120. Что касается лакедемонян, то после полнолуния они явились в Афины в числе двух тысяч человек, причем шли с такой поспешностью, что на третий день по выходе из Спарты были уже в Аттике. Хотя к сражению они опоздали, но желали посмотреть на мидян, для чего отправились в Марафон и там рассмотрели их. После этого, воздав похвалы афинянам и их подвигу, лакедемоняне возвратились домой.
121. Для меня странно и невероятно мнение, будто Алкмеониды согласно уговору поднимали вверх щит для персов с целью подчинить афинян варварам и Гиппию; ведь Алкмеониды доказали свою ненависть к тирании больше или в такой же мере, как и Каллий, сын Фениппа, отец Гиппоника. Дело в том, что каждый раз, когда Писистрат изгонялся из Афин и имущество его объявлялось государственным глашатаем к продаже, один лишь Каллий осмеливался покупать его, и в других случаях он обнаруживал сильнейшую вражду к Писистрату.

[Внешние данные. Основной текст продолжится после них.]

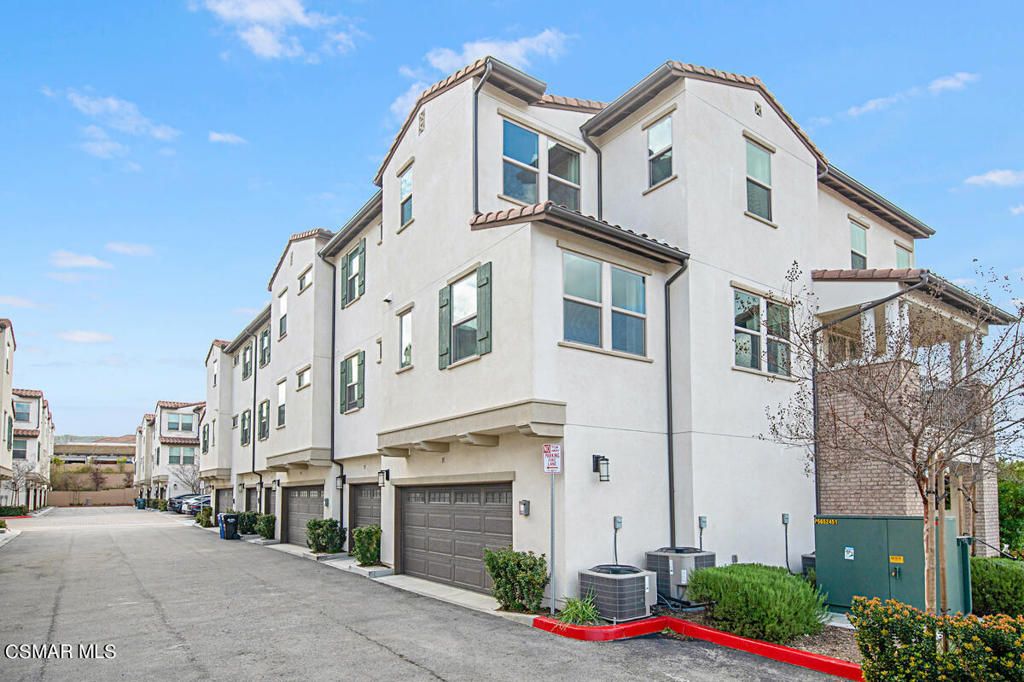 31 Jensen Court, Thousand Oaks, CA 91360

122. Каллий заслуживает того, чтобы каждый из нас часто вспоминал о нем: во – первых, за то, что сказано выше, как человек ревниво заботившийся об освобождении родины; во – вторых, за то, что совершено им в Олимпии: на конских бегах он получил первую награду, а на состязаниях колесницами вторую; раньше одержал победу на Пифийских играх и у всех эллинов прославился необыкновенной щедростью; наконец, он достоин памяти и за отношение к трем дочерям своим. Когда пришла девушкам пора выходить замуж, он дал им великолепное приданое и доказал свое расположение к ним настолько, что каждая из них вышла замуж за того мужчину, какого угодно было ей выбрать из числа всех афинян.
123. В такой же мере, как и Каллий, тираноненавистниками были Алкмеониды. Поэтому‑то я удивляюсь и не верю клевете на них, будто они подняли щит, тогда как Алкмеониды все время господства тиранов провели в изгнании, и через них же Писистратиды потеряли власть. Таким образом, Алкмеониды были, как я убежден, освободителями Афин в гораздо большей мере, нежели Гармодий и Аристогитон. Действительно, эти последние умерщвлением Гиппарха только ожесточили прочих Писистратидов и все‑таки не упразднили их владычества. Освободителями Афин были бесспорно Алкмеониды, если только правда, что по их внушению пифия приказывала лакедемонянам освободить Афины.